Collecting GPU data using NVIDIA dcgm-exporter scripts


The NVIDIA dcgm-exporter integration enables BMC Helix Continuous Optimization administrators to collect GPU performance metrics from NVIDIA GPU–enabled hosts. The collected metrics include GPU utilization, memory usage, temperature, clock rates, and activity of the encoder and decoder.

You use this integration to monitor GPU performance and health, analyze workload behavior, and support capacity planning in BMC Helix Continuous Optimization. If GPU metrics are not collected, BMC Helix Continuous Optimization does not display GPU performance data, which limits visibility into GPU usage and capacity trends.
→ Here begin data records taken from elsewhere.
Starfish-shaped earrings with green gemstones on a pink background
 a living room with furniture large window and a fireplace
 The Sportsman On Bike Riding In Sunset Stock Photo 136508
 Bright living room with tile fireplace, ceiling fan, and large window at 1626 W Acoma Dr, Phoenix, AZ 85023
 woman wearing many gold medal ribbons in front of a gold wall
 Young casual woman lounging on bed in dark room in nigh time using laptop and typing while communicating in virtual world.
This integration is typically configured after dcgm-exporter is installed and running on GPU hosts and before GPU views and reports are used in BMC Helix Continuous Optimization. The Remote ETL Engine (REE) collects the metrics, processes them into CSV files, and imports the data into BMC Helix Continuous Optimization for analysis and reporting.

What is NVIDIA dcgm-exporter?

NVIDIA dcgm-exporter is an NVIDIA-provided component that exposes GPU performance and health metrics through an HTTP endpoint using NVIDIA Data Center GPU Manager (DCGM).
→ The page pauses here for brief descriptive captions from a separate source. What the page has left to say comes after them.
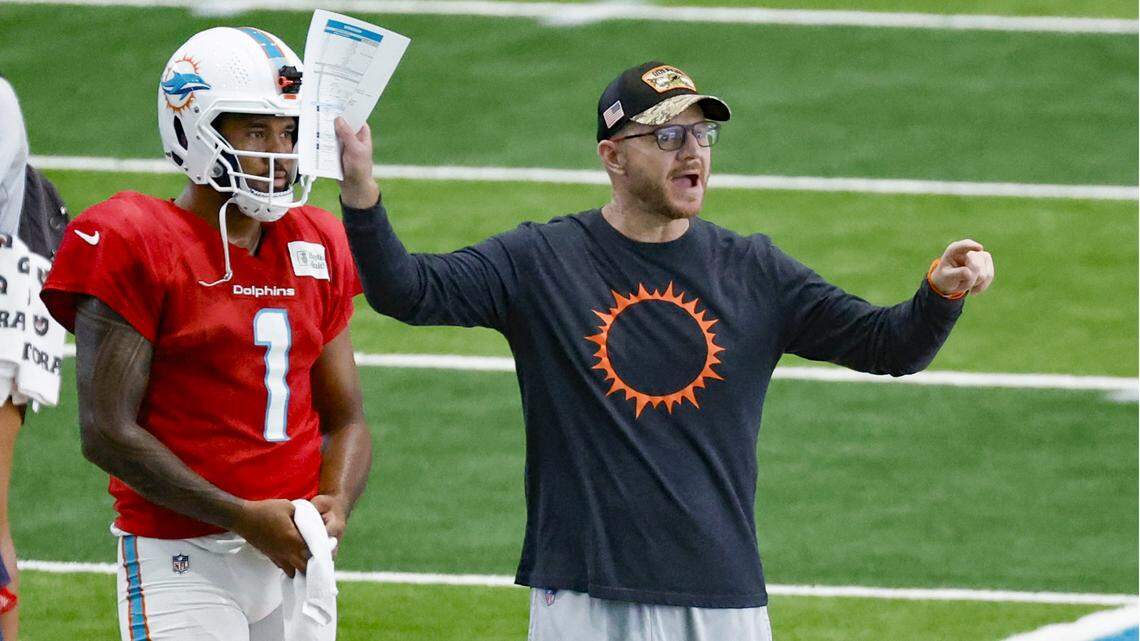 Miami Dolphins quarterbacks and passing game coordinator coach Darrell Bevell works with quarterback Tua Tagovailoa (1) during practice drills at the Baptist Health Training Complex in Miami Gardens on Wednesday, August 23, 2023.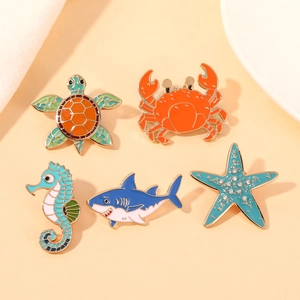 Macro detail of high-quality metal enamel pins featuring sea turtles and ocean creatures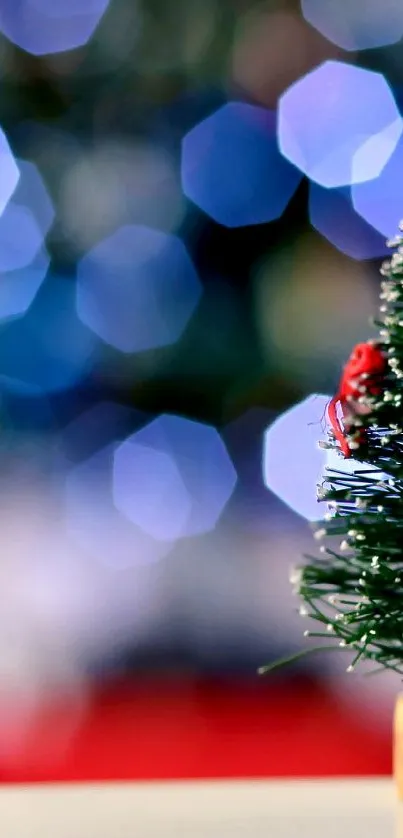 Miniature Christmas tree with red decorations and bokeh lights in the background.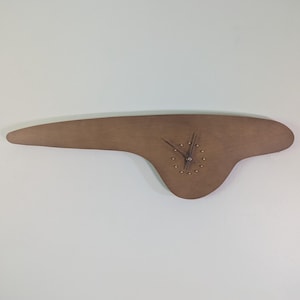 May include: A wall clock with an asymmetrical, elongated wooden body in a medium brown tone. The clock face features small, circular metallic markers for the hours and two thin, dark-colored hands positioned in the center of the wooden form.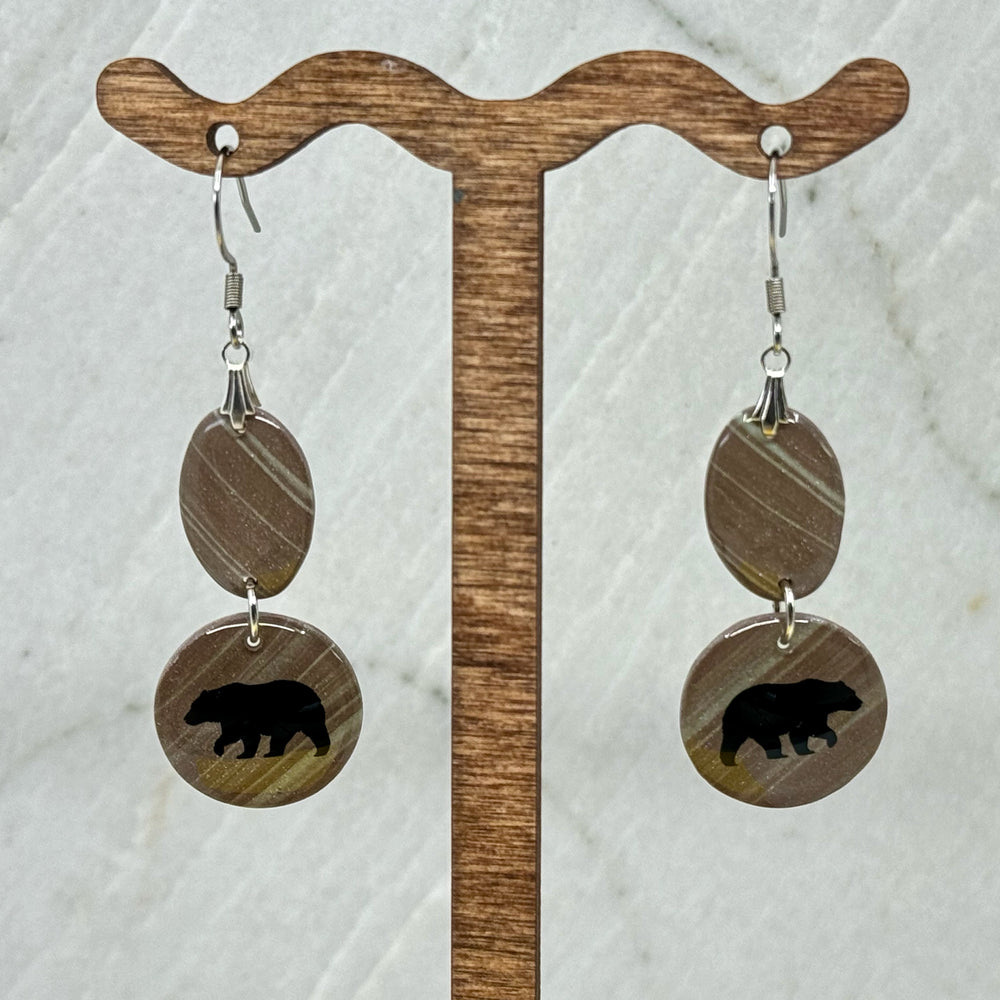 Pair of Small Dangle Earrings with Bears by Bitterroot Shining Creations, featuring double drop polymer clay in in various colors with a bear silhouette on the bottom drop (taupe), hanging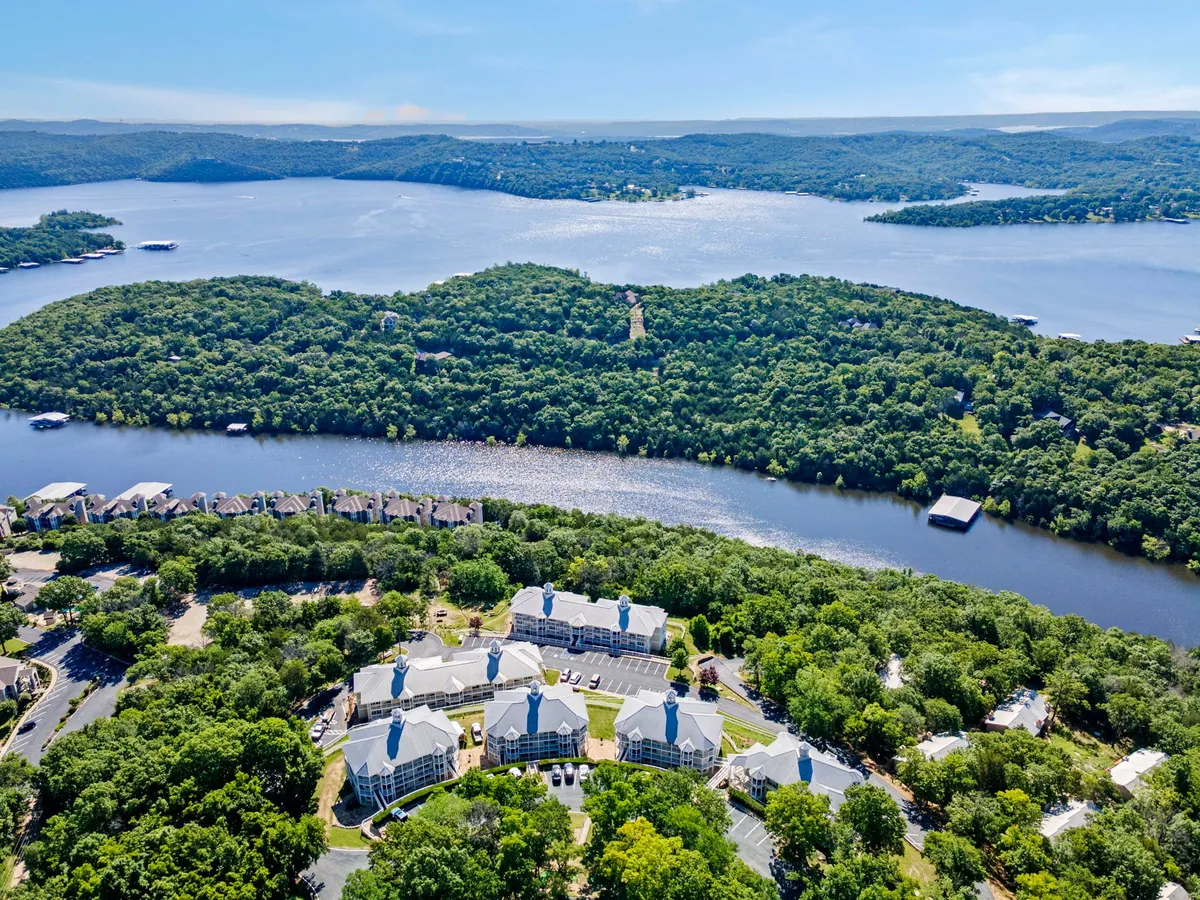 A wide-angle view of Table Rock Lake, surrounded by rolling green hills and residential buildings. The scene is tranquil, with calming water and a hint of sunset. A boathouse and winding roadways invite exploration and relaxation by the lake.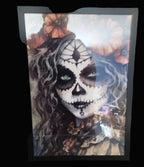Framed artwork of a person with a skull makeup design surrounded by pumpkins.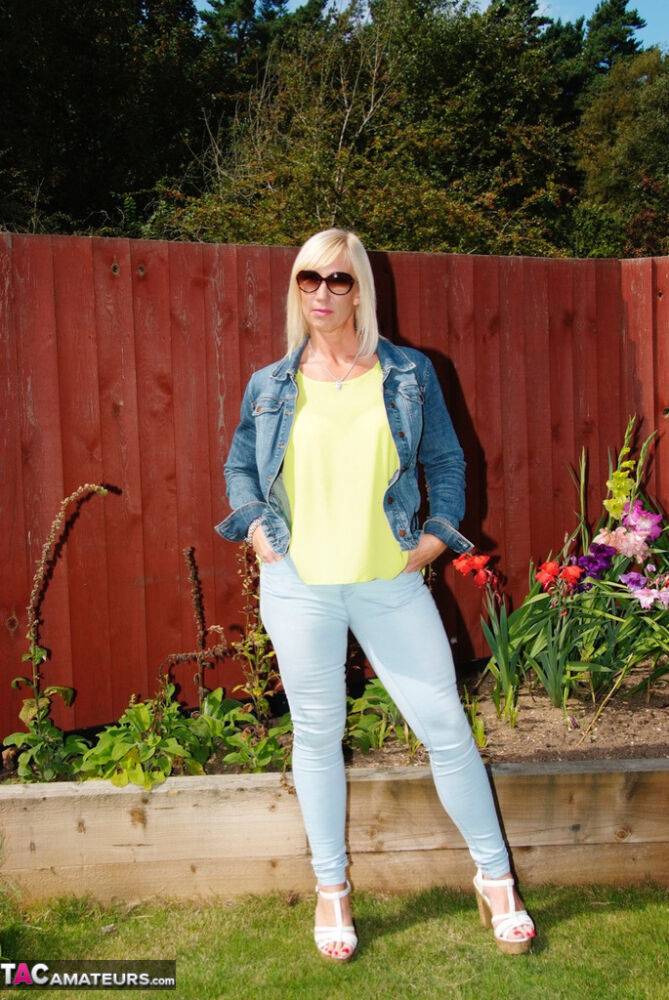 Middle-aged blonde Melody models in a bra and faded jeans in a backyard - #8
BMC Helix Continuous Optimization does not install or manage dcgm-exporter. You must install and run dcgm-exporter on GPU-enabled hosts, either directly on the host or as a container, using NVIDIA-supported methods. Once running, BMC Helix Continuous Optimization collects GPU metrics by polling the /metrics endpoint.
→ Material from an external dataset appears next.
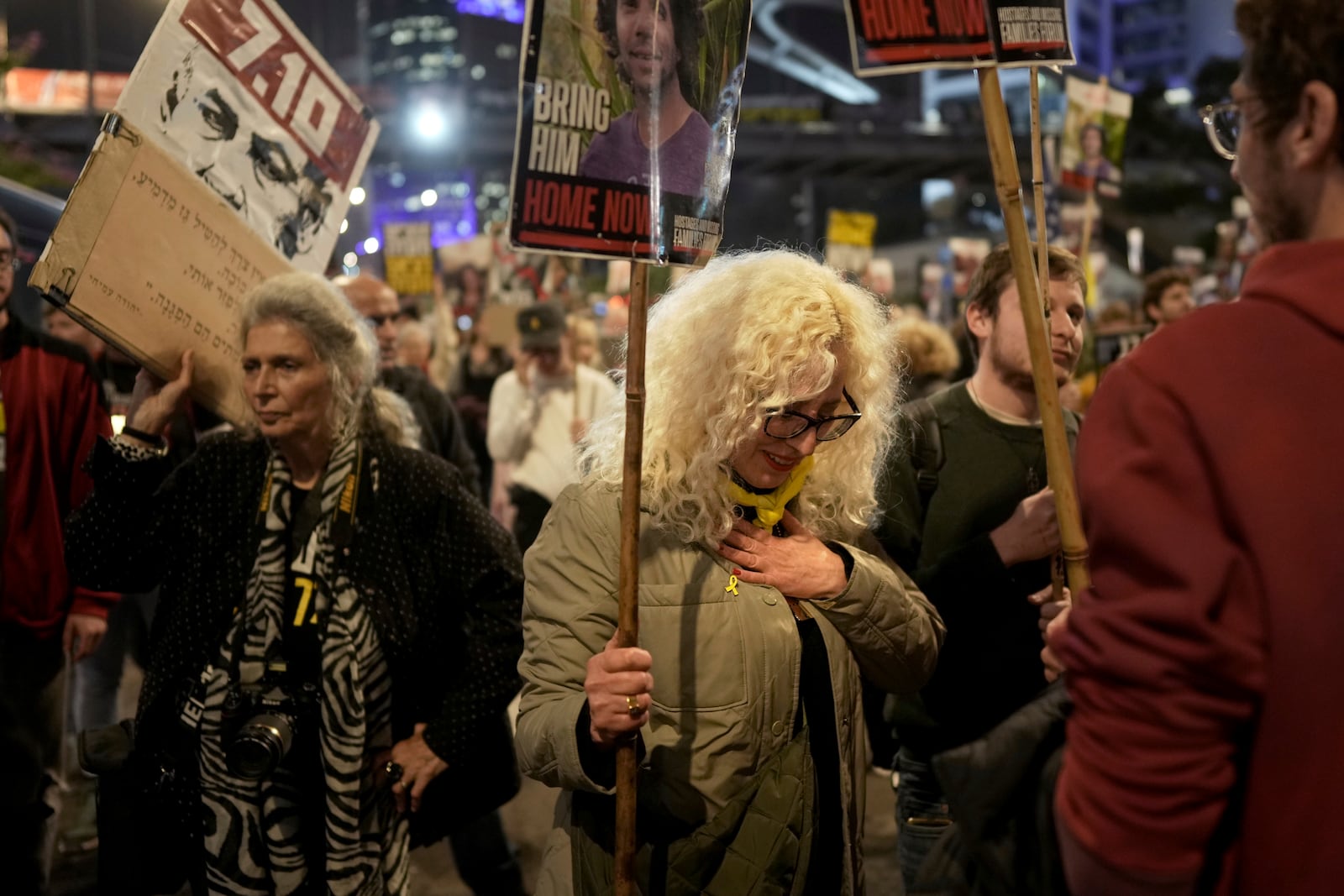 Relatives and friends of people killed and abducted by Hamas and taken into Gaza, take part in a demonstration in Tel Aviv, Israel, Wednesday, Jan. 15, 2025. (AP Photo/Oded Balilty)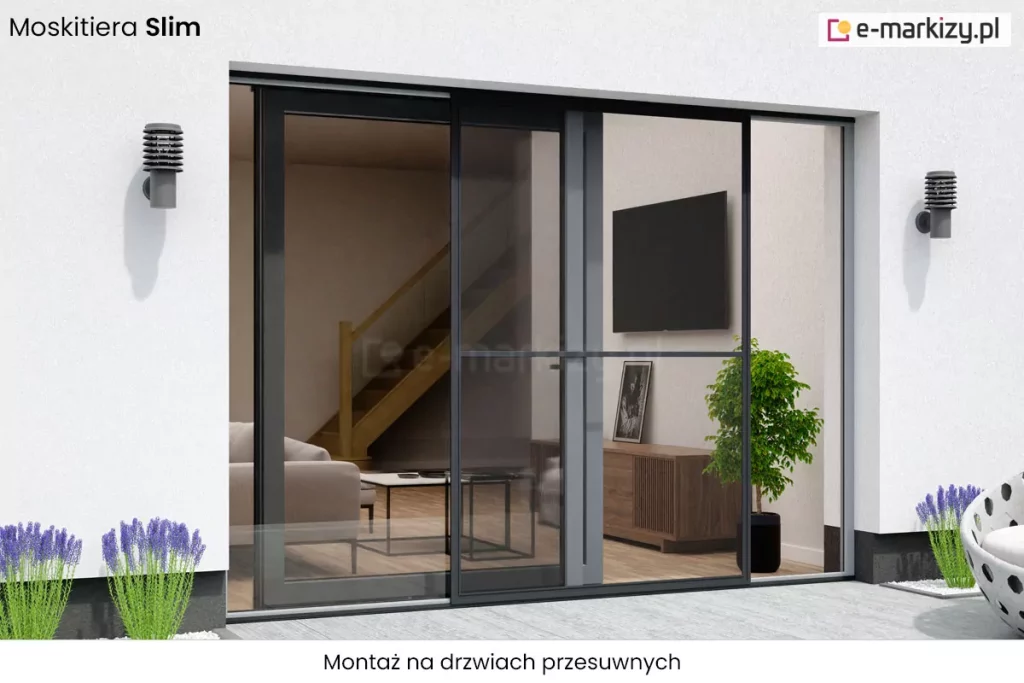 Zdjęcie prezentuje zastosowanie produktu moskitiera Slim na szerokich, dwuskrzydłowych drzwiach tarasowych o charakterze przesuwnym. Widok z zewnątrz budynku ukazuje nowoczesną bryłę o białej elewacji, na której zamontowano dwa stylowe, antracytowe kinkiety o żebrowanej konstrukcji, umieszczone symetrycznie po obu stronach wnęki okiennej. System moskitiera Slim składa się z cienkiej, niemal niewidocznej ramy w kolorze ciemnego grafitu, która przesuwa się na specjalnych szynach, chroniąc otwartą część przejścia przed insektami. Rama moskitiery posiada delikatną, poziomą poprzeczkę wzmacniającą konstrukcję, umieszczoną mniej więcej w połowie wysokości. Przez gęstą, czarną siatkę o wysokim stopniu transparentności doskonale widać luksusowe wnętrze salonu, w którym znajdują się drewniane schody z szklaną balustradą, jasna sofa, czarny telewizor na ścianie oraz niska szafka rtv z dekoracyjną rośliną doniczkową. Na tarasie, przed wejściem, po lewej stronie rosną kępy fioletowej lawendy w dekoracyjnym białym kruszywie, a po prawej widoczny jest fragment nowoczesnego, białego fotela ogrodowego o ażurowej strukturze. Całość kompozycji podkreśla techniczne atuty moskitiery Slim, takie jak minimalna grubość profili oraz możliwość integracji z dużymi przeszkleniami bez zaburzania estetyki budynku i widoku na zewnątrz. W dolnej części zdjęcia na białym pasku umieszczono napis "montaż na drzwiach przesuwnych".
For installation and configuration details, see the official NVIDIA dcgm-exporter documentation: https://docs.nvidia.com/datacenter/dcgm/latest/gpu-telemetry/dcgm-exporter.html

GPU metric collection and import rely on the following components:

  • A Process Runner system task that executes the dcgm-exporter collection and aggregation scripts.
  • A Generic – CSV Parser ETL that imports the generated CSV files into BHCO.

Before you begin

Before you start collecting GPU metrics, ensure that the following requirements are met:

  • dcgm-exporter is installed and running on all GPU hosts.
  • REE must have network access to GPU endpoints.
  • REE must have bash, curl, and jq installed.
  • A text that lists all dcgm-exporter endpoints and their corresponding and polling intervals is created. Example:

    http://gpu-host1:9400/metrics,30 
    http://gpu-host2:9400/metrics,30 
    http://gpu-host3:9400/metrics,10 
    
Information
Important

Ensure the polling interval matches the data update frequency configured in dcgm-exporter.

Scripts and usage

Use the following scripts to collect, aggregate, and prepare GPU metrics for import into BHCO:

ScriptPurposeWhen to useHow to run
dcgm-integration.shWrapper that automates collection and aggregationFor scheduled, repeatable execution$ ./dcgm-integration.sh -i <path_to_endpoint_file>
dcgm-collector.shPolls GPU endpoints and stores raw JSONAlways as the first step./dcgm-collector.sh -l <dcgm-exporter-endpoint> -p <dcgm-exporter polling interval> -d <duration is seconds>
dcgm-aggregator.shAggregates JSON files into CSVAfter collection, before ETL import$ ./dcgm-aggregator.sh
include/metrics_mapping.shMaps dcgm metrics to BHCO metricsAlways used by the integration scriptAuto-included
include/tools.shChecks and installs jq if missingAlways used by the integration scriptAuto-included

To collect and process GPU metrics using the dcgm-exporter scripts

  1. The dcgm-integration.sh script reads the endpoint file and launches dcgm-collector.sh for each GPU host.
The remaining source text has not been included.